### Work to be completed
Transcribe only part of the material below: the lines from the one containing "강릉 원흥건어물 인기 게시물" through the one containing "新品 未開封 Godzilla", inclusive, exactly as written.

Segment Start: Material for the task

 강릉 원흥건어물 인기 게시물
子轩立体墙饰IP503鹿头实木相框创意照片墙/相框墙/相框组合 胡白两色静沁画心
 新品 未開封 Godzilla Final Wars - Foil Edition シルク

Segment End: Material for the task
Segment Start: Material for the task

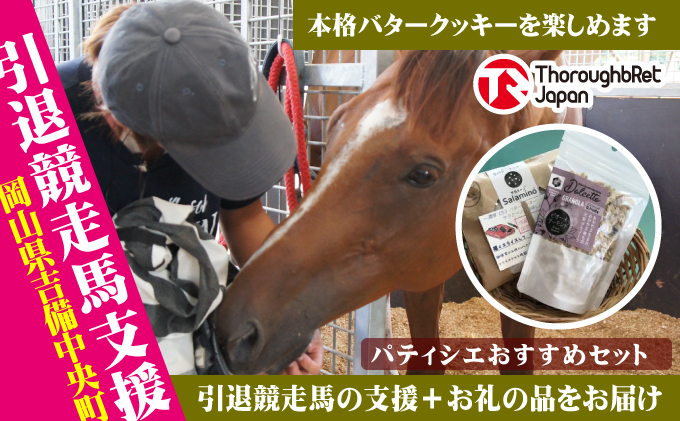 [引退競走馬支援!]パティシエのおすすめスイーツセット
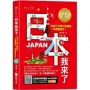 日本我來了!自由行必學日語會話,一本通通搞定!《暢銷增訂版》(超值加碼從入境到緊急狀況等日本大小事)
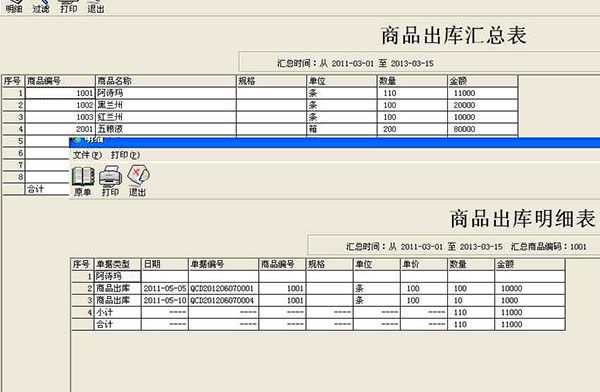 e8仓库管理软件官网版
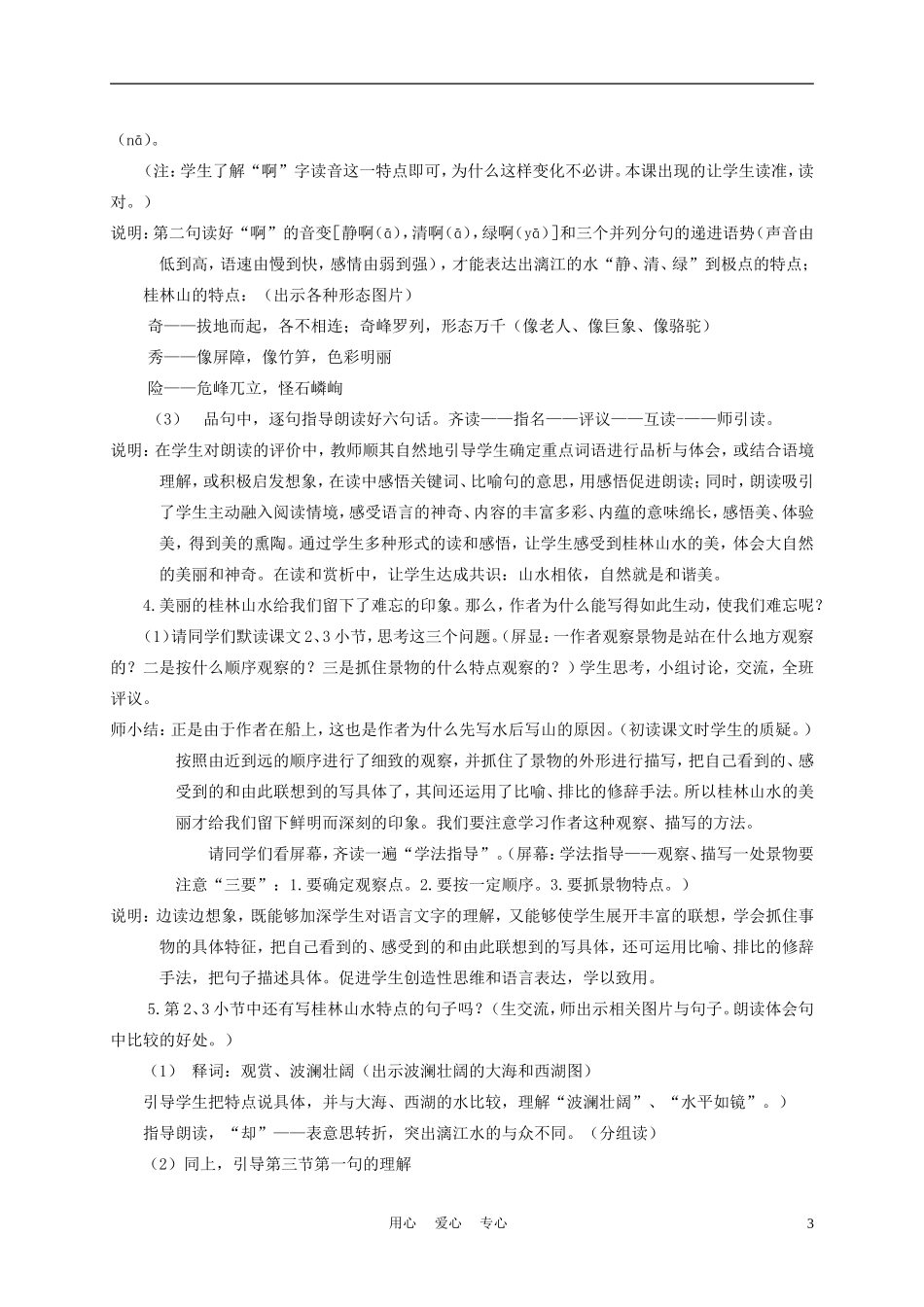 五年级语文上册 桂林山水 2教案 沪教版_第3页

Segment End: Material for the task
Segment Start: Material for the task

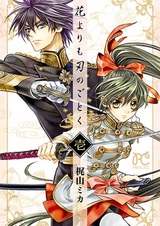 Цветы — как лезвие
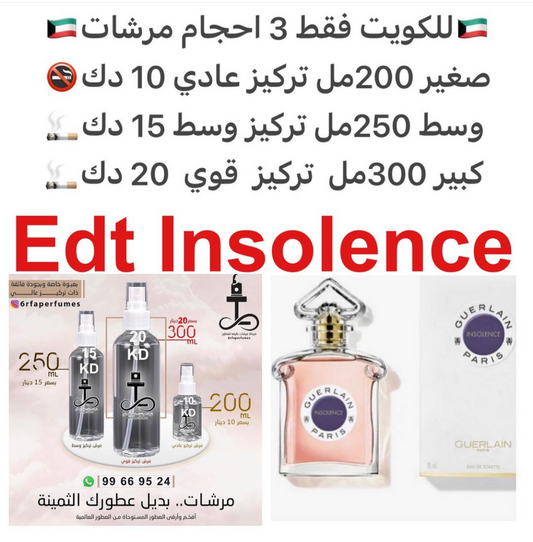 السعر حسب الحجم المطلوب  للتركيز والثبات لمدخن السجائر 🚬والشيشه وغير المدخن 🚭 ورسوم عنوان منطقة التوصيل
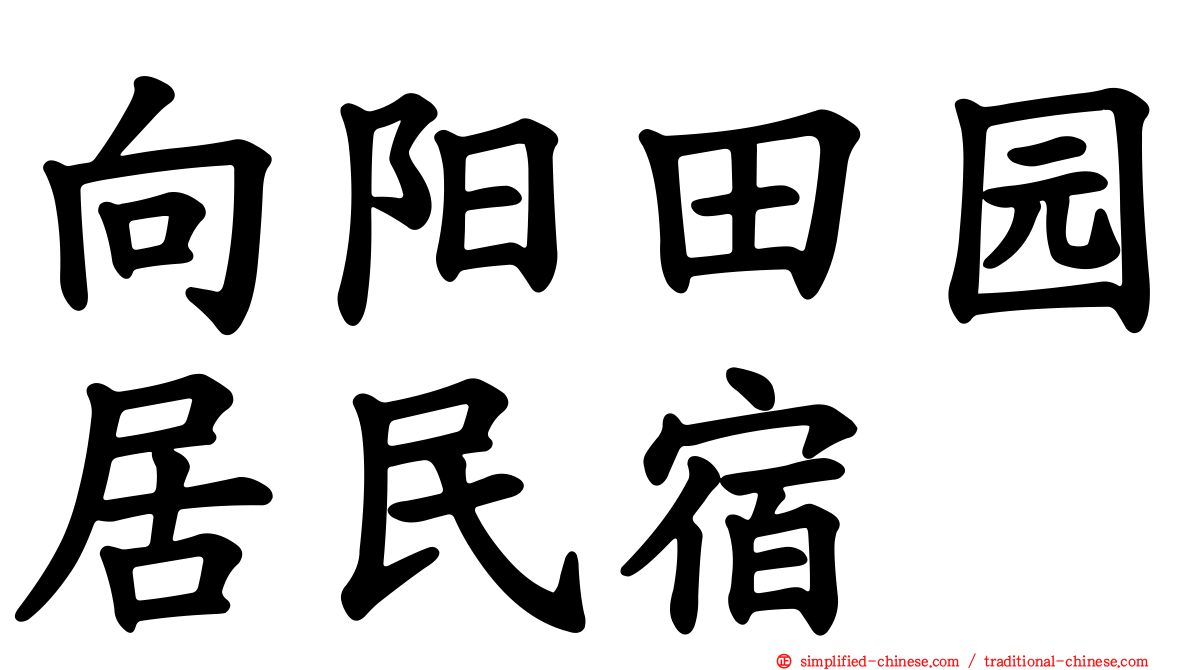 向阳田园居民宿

Segment End: Material for the task

### Completed task
 강릉 원흥건어물 인기 게시물
子轩立体墙饰IP503鹿头实木相框创意照片墙/相框墙/相框组合 胡白两色静沁画心
 新品 未開封 Godzilla Final Wars - Foil Edition シルク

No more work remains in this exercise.